Prof. Otis T. Mason, of the National Museum, informs me that there is a superstition in Virginia to the effect that a young woman enciente for the first time must, under no circumstances, scratch her head with her fingers, at least while uncovered; she must either put on gloves or use a small stick.
The Parsi have a festival at which they serve a peculiar cake or bread called "draona," which is marked by scratches from the finger nails of the woman who has baked it.[214]
No stress has been laid upon the appearance in all parts of the world of "back scratchers" or "scratch my backs," made of ivory, bone, or wood, and which were used for toilet purposes to remove irritation from between the shoulder blades or along the spine where the hand itself could not reach. They are to the present day in use among the Chinese and Japanese, were once to be found among the Romans and other nations of Europe, and instances of their occasional employment until a very recent date might be supplied.
THE DRINKING REED.
Exactly what origin to ascribe to the drinking reed is now an impossibility, neither is it probable that the explanations which the medicine-men might choose to make would have the slightest value in dispelling the gloom which surrounds the subject. That the earliest conditions of the Apache tribe found them without many of the comforts which have for generations been necessaries, and obliged to resort to all sorts of expedients in cooking, carrying, or serving their food is the most plausible presumption, but it is submitted merely as a presumption and in no sense as a fact. It can readily be shown that in a not very remote past the Apache and other tribes were compelled to use bladders and reeds for carrying water, or for conveying water, broth, and other liquid food to the lips. The conservative nature of man in all that involves his religion would supply whatever might be needed to make the use of such reeds obligatory in ceremonial observances wherein there might be the slightest suggestion of religious impulse. We can readily imagine that among a people not well provided with forks and spoons, which are known to have been of a much later introduction than knives, there would be a very decided danger of burning the lips with broth, or of taking into the mouth much earthy and vegetable matter or ice from springs and streams at which men or women might wish to drink, so the use of the drinking reed would obviate no small amount of danger and discomfort.

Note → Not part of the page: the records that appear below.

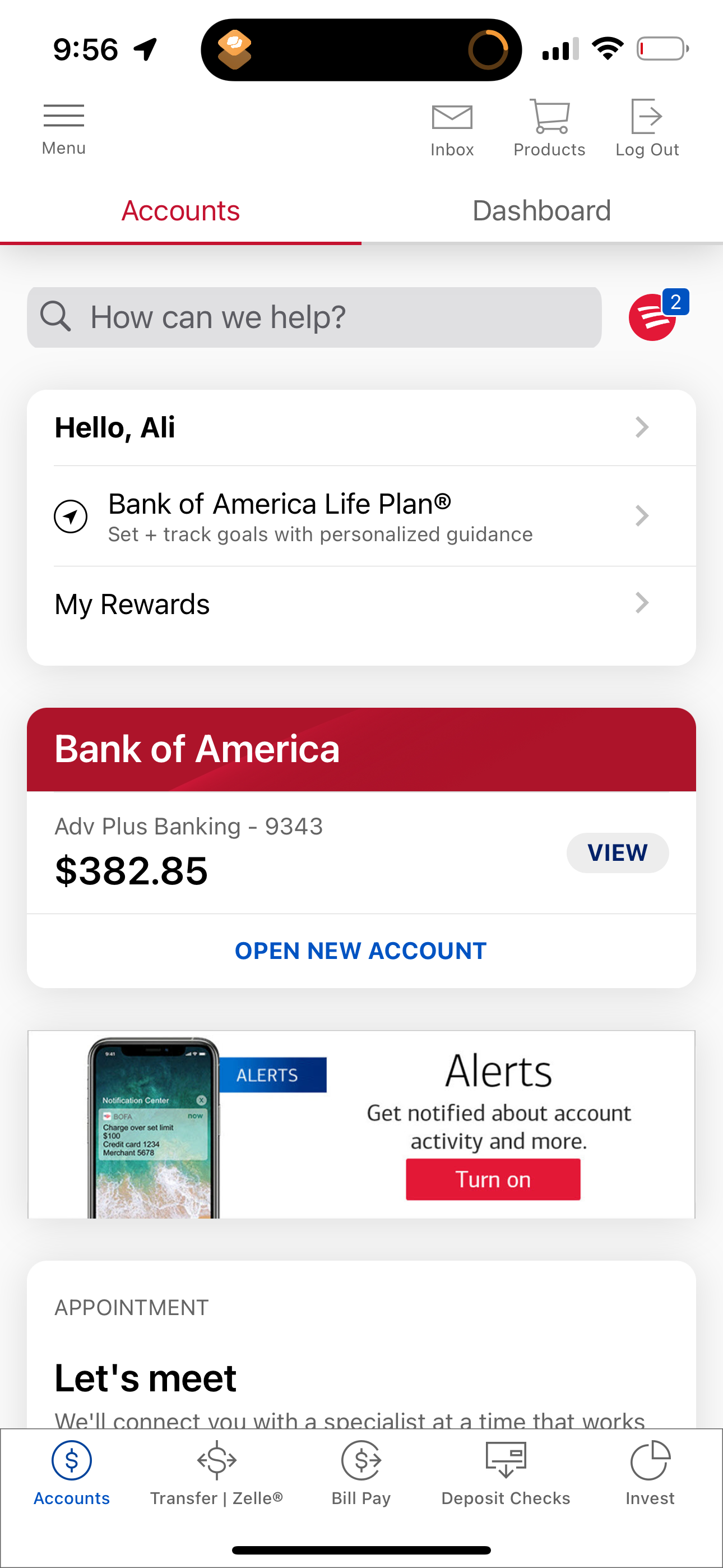 bofa app screenshot 36
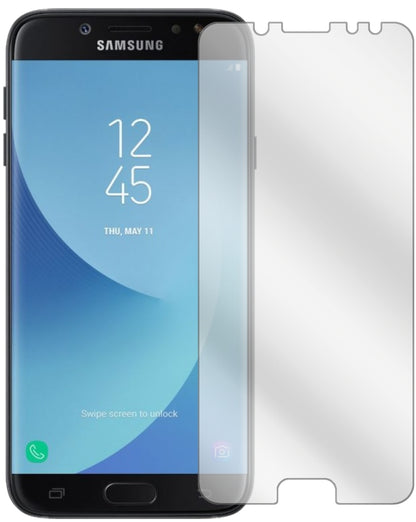 SamsungGalaxy J7 Pro mit aufgebrachter dipos Displayschutzfolie, glasklare Darstellung ohne Einschränkungen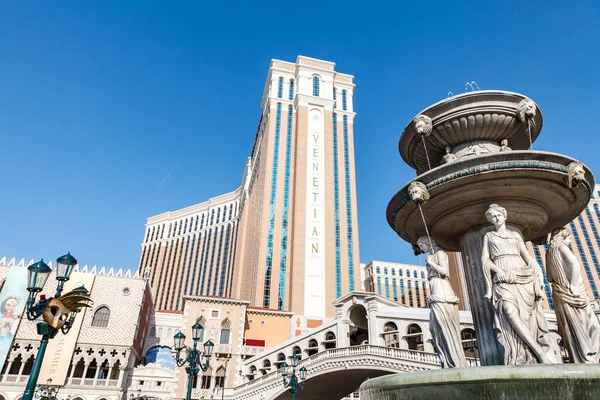 Venetian Hotel Casino Strip Las Vegas Nevada Usa — Stock Photo, Image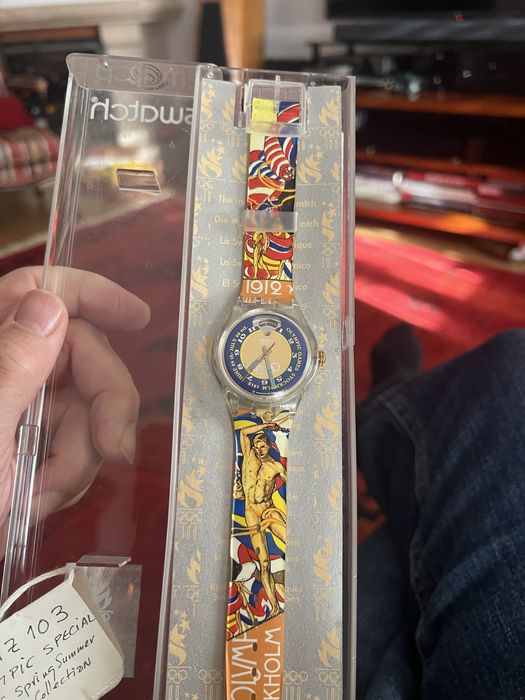 Swatch automatico comemorativo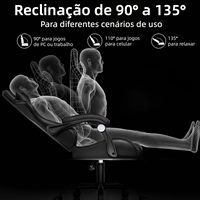 Fauteuil de bureau ergonomique en cuir à dossier haut, pivotant et inclinable, avec accoudoirs réglables, idéal pour le gaming et le travail sur PC – Vente en gros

Water was carried in reeds by the Dyaks of Borneo, according to Bock.[215] The manner in which the natives of the New Hebrides and other islands of the South Pacific Ocean carry water in bamboo joints recalls the Zuñi method of preserving the sacred water of the ocean in hollow reeds.[216]
Fig. 432.—The scratch stick and drinking reed.
Mr. F. H. Cushing shows that "so far as language indicates the character of the earliest water vessels which to any extent met the requirements of the Zuñi ancestry, they were tubes of wood or sections of canes."[217] Long after these reeds had disappeared from common use, the priests still persisted in their use for carrying the water for the sacred ceremonies. The mother of the king of Uganda gave to Speke "a beautifully-worked pombé sucking-pipe."[218] For ordinary purposes these people have "drinking gourds." In Ujiji, Cameron saw an old chief sucking pombé, the native beer, through a reed;[219] and, later on in his narrative, we learn that the reed is generally used for the purposes of drinking. "The Malabars reckoned it insolent to touch the vessel with their lips when drinking."[220] They made use of vessels with a spout, which were no more and no less than the small hollow-handled soup ladles of the Zuñi and Tusayan, through which they sipped their hot broth.